In a medium bowl, whisk the flours, soda, cream of tartar, and salt together. Set aside.
In a small bowl, whisk the oil, egg, and vanilla together. Set aside.
In the bowl of a stand mixer fitted with the paddle attachment, beat the butter and maple sugar together on medium-high speed until it's smooth and lighter in color, about three minutes.
Reduce the speed and pour in the egg-oil mixture slowly. Increase the speed again and beat for another three minutes, scraping down the bowl as needed. It should be light, smooth, and glossy, like a mayonnaise. It's fine if you can see some bits of maple sugar in it, if your sugar was particularly coarse.

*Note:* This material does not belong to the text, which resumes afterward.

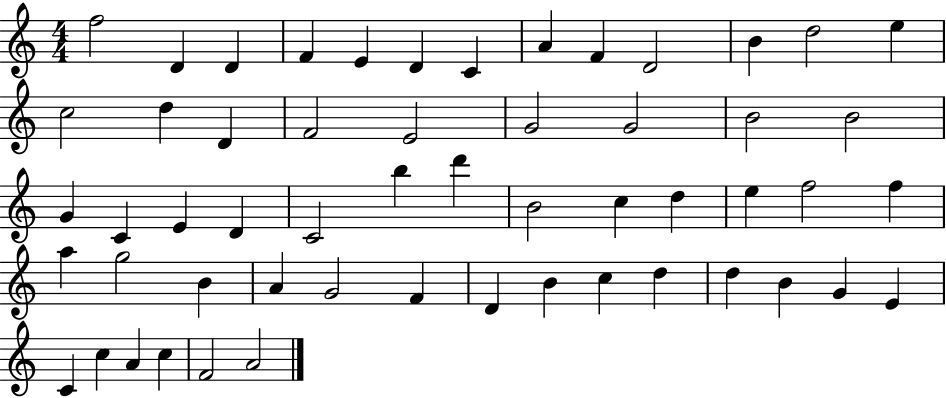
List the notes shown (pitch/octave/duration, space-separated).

F5/h D4/q D4/q F4/q E4/q D4/q C4/q A4/q F4/q D4/h B4/q D5/h E5/q C5/h D5/q D4/q F4/h E4/h G4/h G4/h B4/h B4/h G4/q C4/q E4/q D4/q C4/h B5/q D6/q B4/h C5/q D5/q E5/q F5/h F5/q A5/q G5/h B4/q A4/q G4/h F4/q D4/q B4/q C5/q D5/q D5/q B4/q G4/q E4/q C4/q C5/q A4/q C5/q F4/h A4/h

Reduce the mixer speed to low and add the flour gradually. When it's mostly incorporated but there are still a few bits of flour, stop the mixer and finish mixing with a spatula or spoon.
Use a small scoop to portion the dough onto the cookie sheets. I used a 2-teaspoon scoop and made exactly three dozen cookies. A tablespoon scoop should make two dozen.
Using three fingers, lightly flatten the cookies to 1/4-inch thick. Sprinkle a little extra maple sugar on top, if desired.
Bake at 350 degrees until the cookies are lightly browned around the edges and on the bottom, 13-15 minutes. The cookies will be firm enough to lift to look underneath - if they're soft, they're not done.
Let the cookies cool on the pan for 2 minutes before putting them on a rack to cool completely.
This book is available for pre-order and will be released on March 17. I received a copy from the publisher at no cost to me.